> Work request
Only the lines from the start of the entries through the line with "Bungalow ON Overton Square" should be returned, each exactly as it stands, and no pictures.

-- Opening Marker --

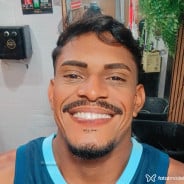 Acompanhante Paqueta - Perfil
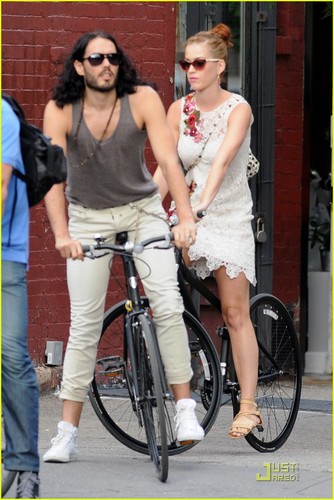  Katy Perry & Russell Brand: Biking in NYC!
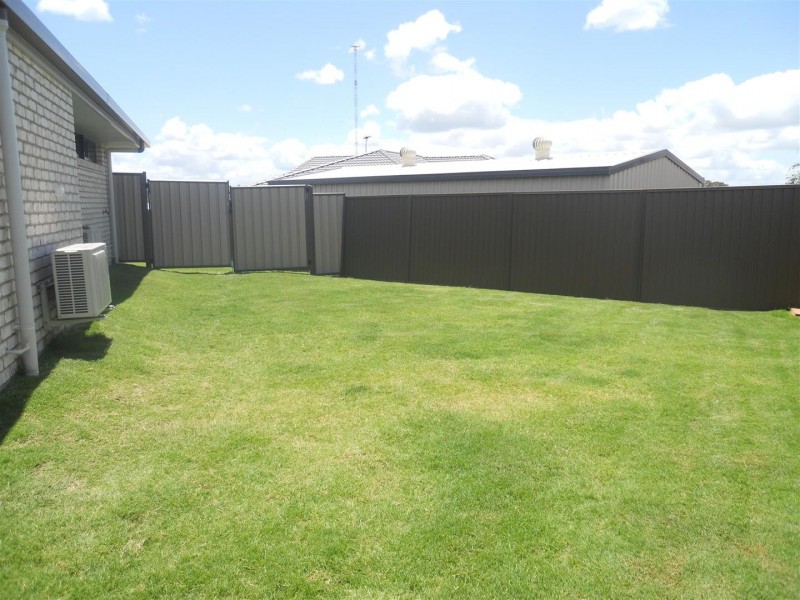 17 Premier Court, Gracemere QLD 4702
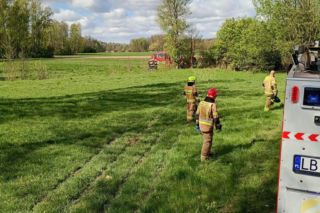 Dachowanie BMW w Mostowie w powiecie łosickim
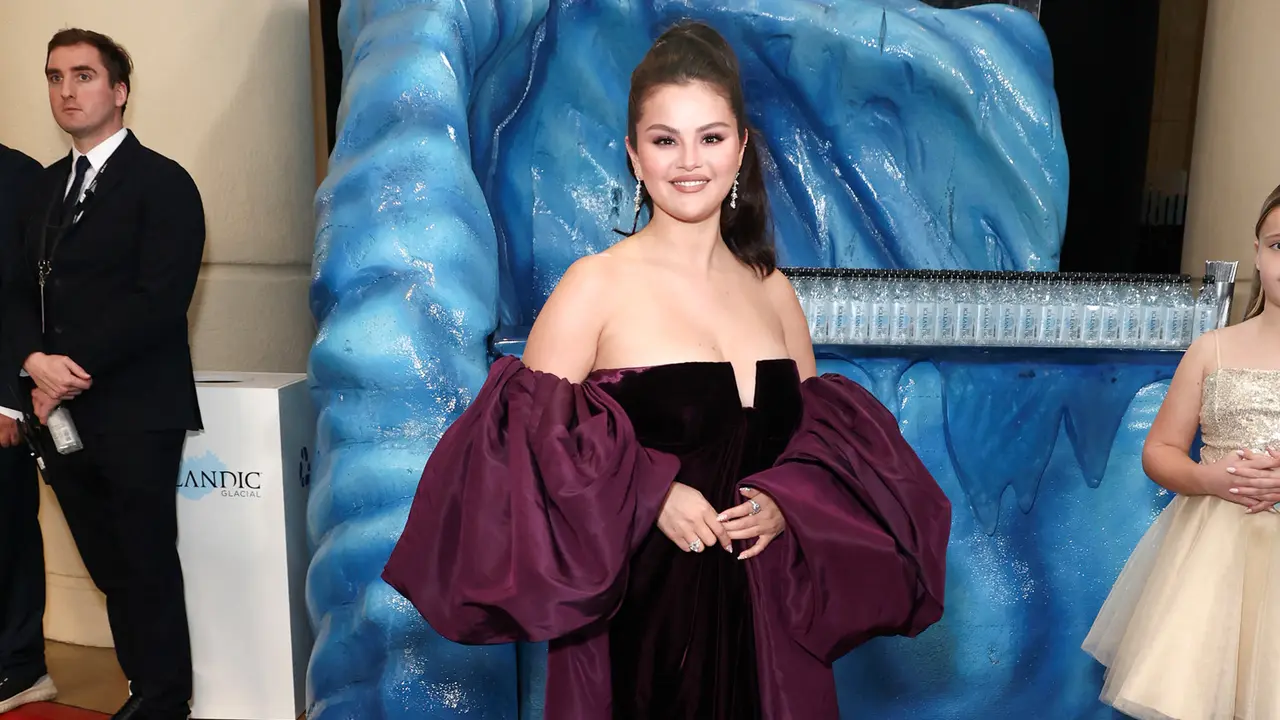 Selena Gomez Tampil Memukau di Golden Globe Awards 2023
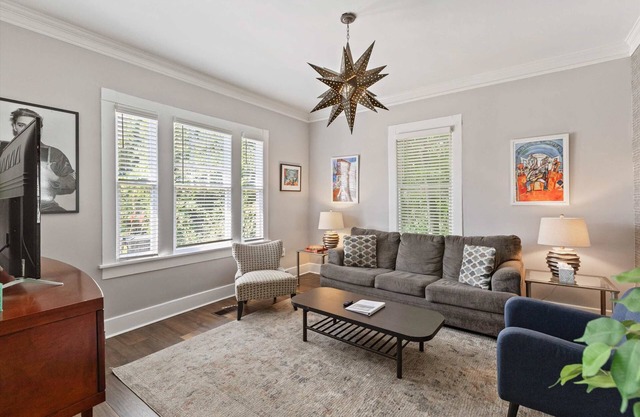 Bungalow ON Overton Square
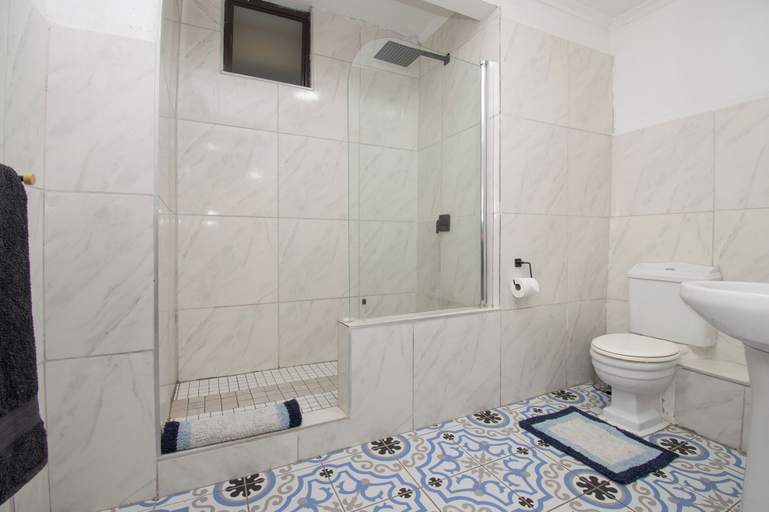 Bathroom 3, On The Beach, eThekwini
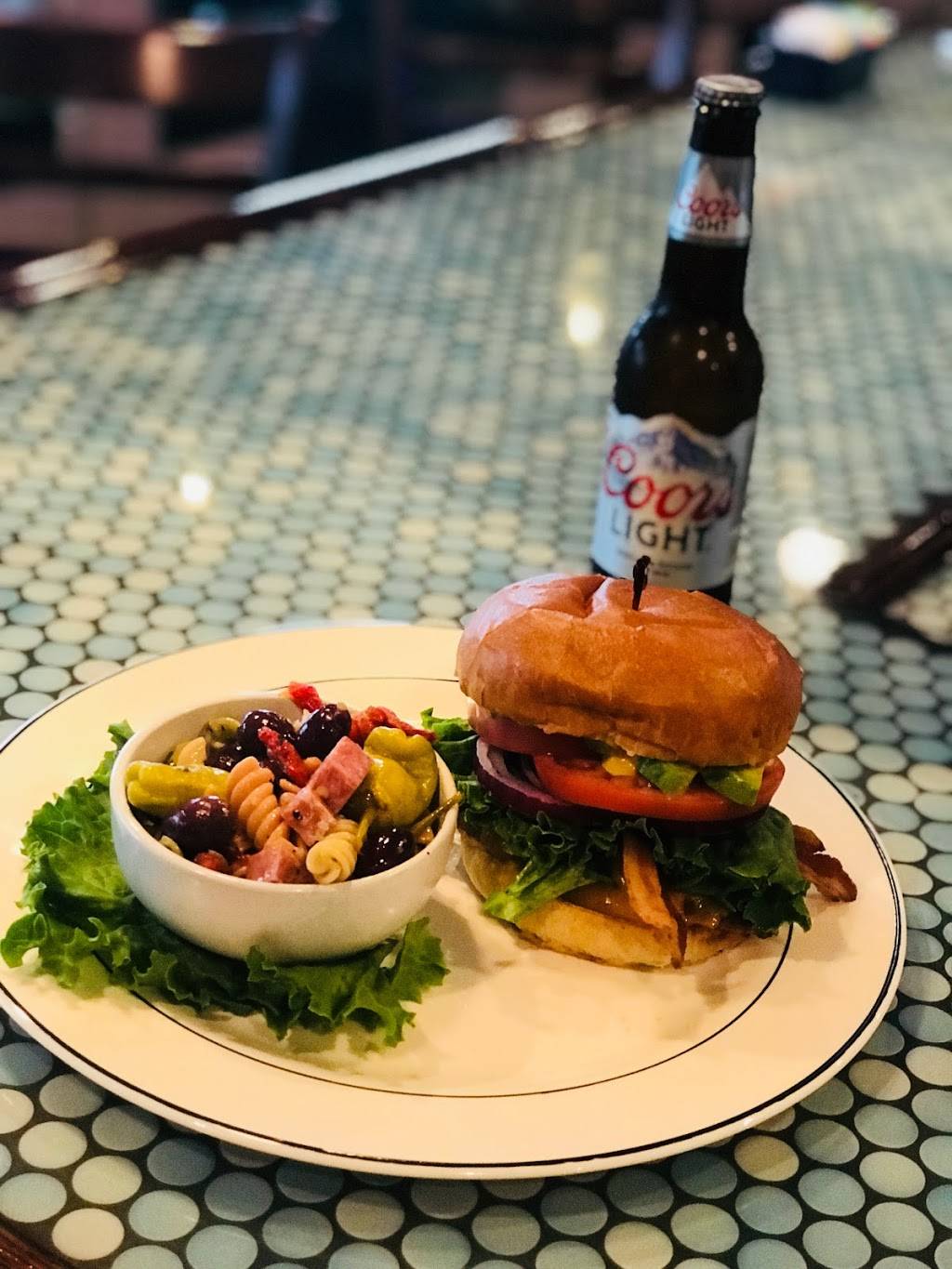 Noosa Bistro | restaurant | 9500 Diamond Centre Dr, Mentor, OH 44060, USA | 4409531088 OR +1 440-953-1088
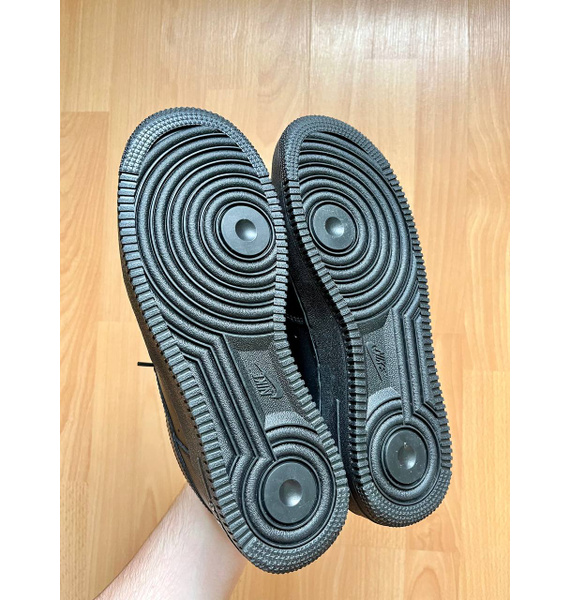 Кроссовки • Nike • Черный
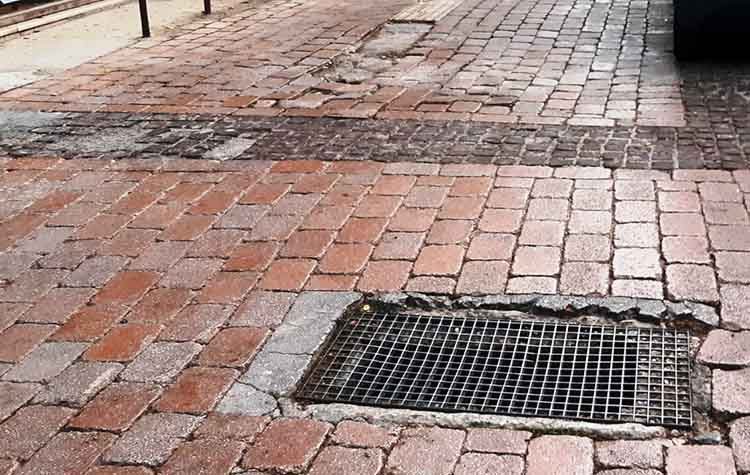 Βόρεια; Μας πέφτει πολύ!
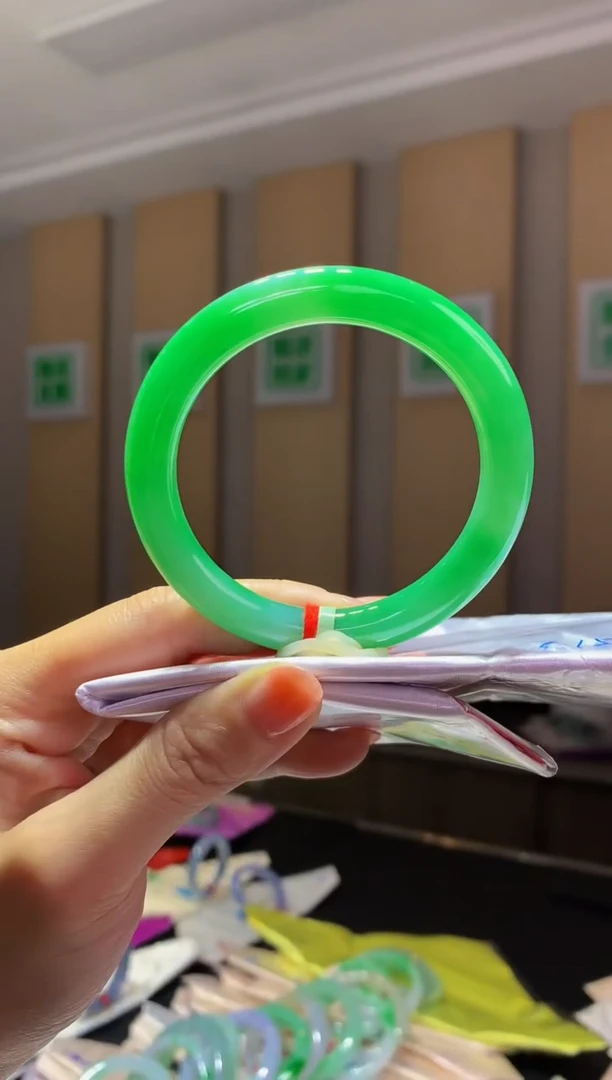 未镶嵌手镯翡翠-C150 圈口55.3 全款58万 定金2万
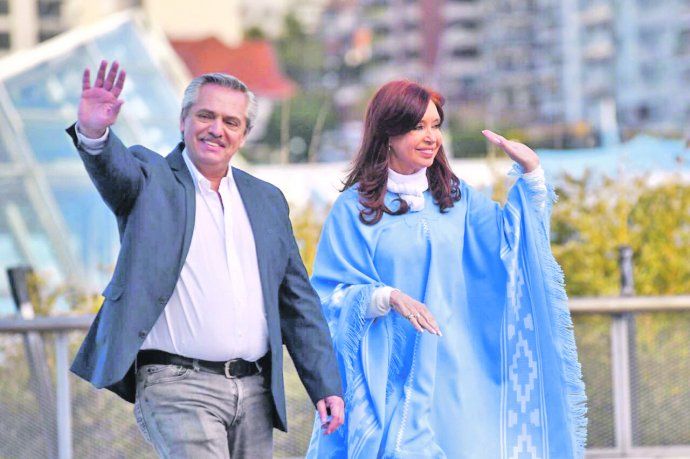 El misterio respecto a quienes serán sus principales ministros obedece a que Alberto Fernández consultaría dichas designaciones con Cristina Fernández de Kirchner.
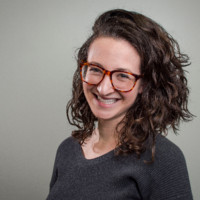 Laura Amster, Mpa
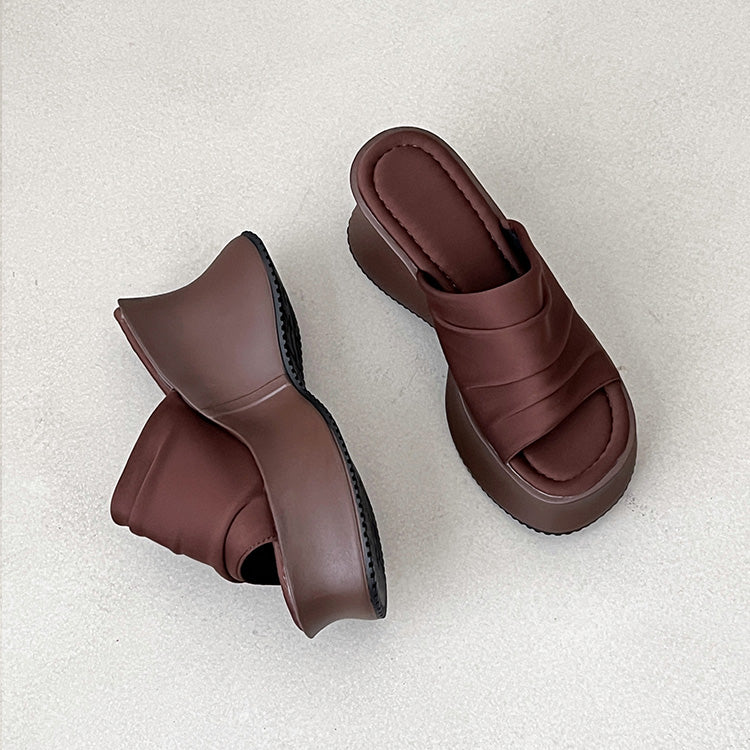 シューズインクローゼット Shoes in Closet -シュークロ- 軽量厚底 ボリューム 変型プラットフォーム ミュールタイプ サンダル 582 （ダークブラウン） ダークブラウン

-- Closing Marker --

> Result for this task
 Acompanhante Paqueta - Perfil
  Katy Perry & Russell Brand: Biking in NYC!
 17 Premier Court, Gracemere QLD 4702
 Dachowanie BMW w Mostowie w powiecie łosickim
 Selena Gomez Tampil Memukau di Golden Globe Awards 2023
 Bungalow ON Overton Square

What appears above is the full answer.